### ACTIVITY:
Copy out the data below from the line containing "Vakantiehuis B 271" to the line containing "DENİZLİ MİLLETVEKİLLERİ LİSTEDE YOK", both lines included, with all images left out.

### DATA EXCERPTS:
=== Section Start ===
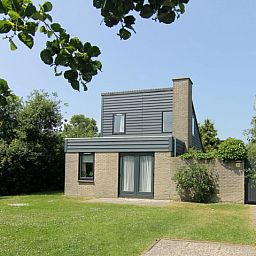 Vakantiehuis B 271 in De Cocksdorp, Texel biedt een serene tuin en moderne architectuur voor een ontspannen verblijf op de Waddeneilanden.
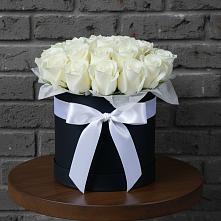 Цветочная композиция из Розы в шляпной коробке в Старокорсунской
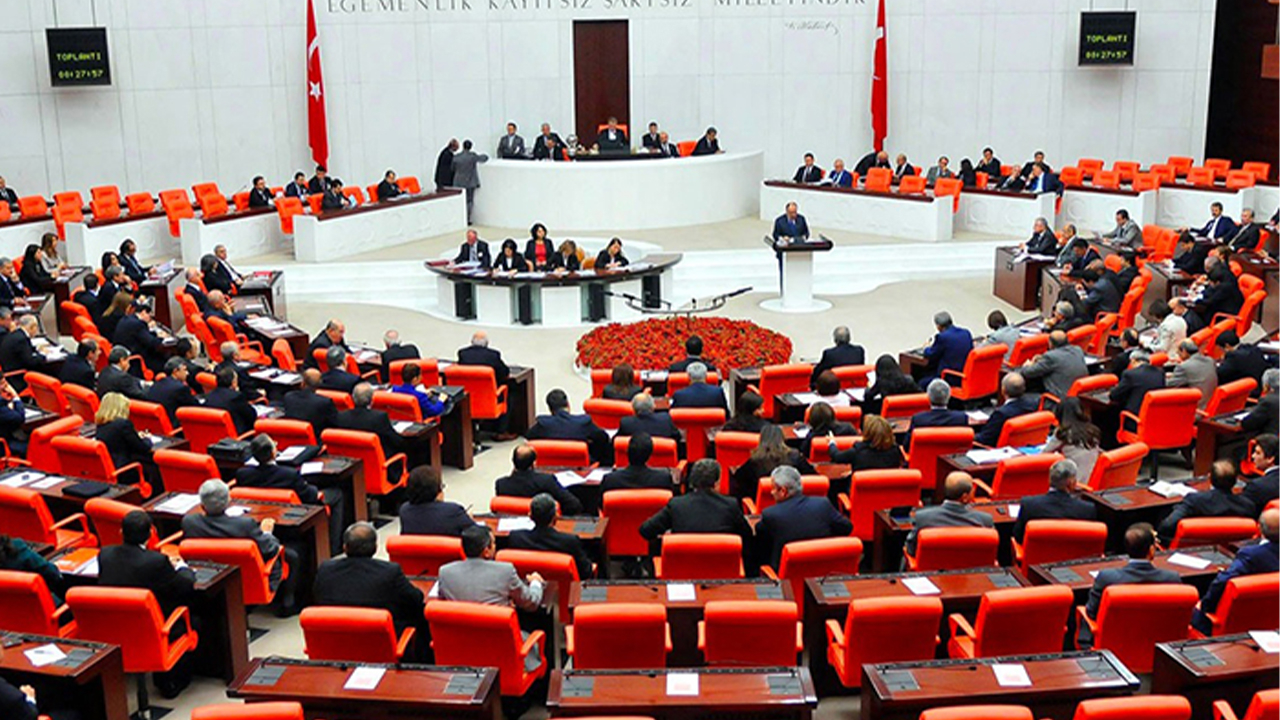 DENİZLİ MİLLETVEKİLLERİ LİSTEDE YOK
=== Section End ===
=== Section Start ===
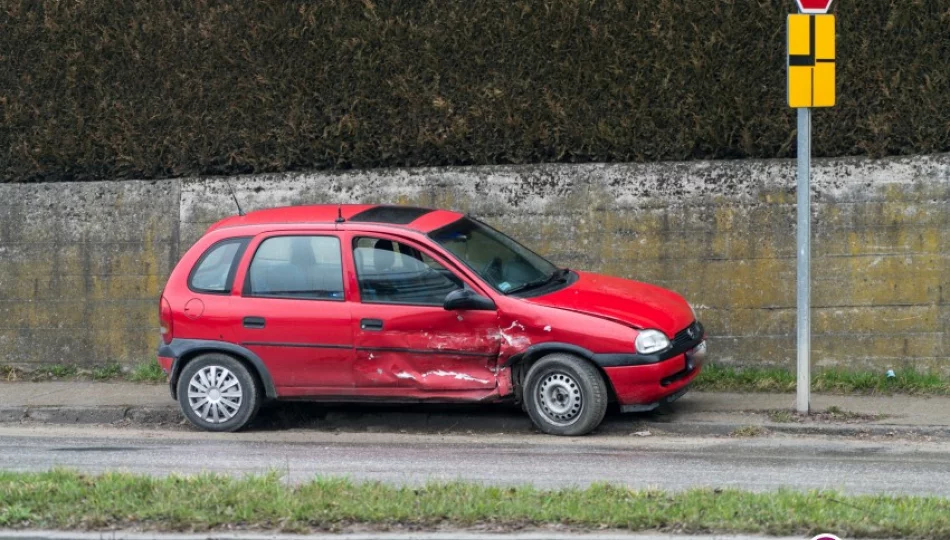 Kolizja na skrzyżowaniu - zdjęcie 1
=== Section End ===
### ANSWER FOR THE TASK:
 Vakantiehuis B 271 in De Cocksdorp, Texel biedt een serene tuin en moderne architectuur voor een ontspannen verblijf op de Waddeneilanden.
 Цветочная композиция из Розы в шляпной коробке в Старокорсунской
 DENİZLİ MİLLETVEKİLLERİ LİSTEDE YOK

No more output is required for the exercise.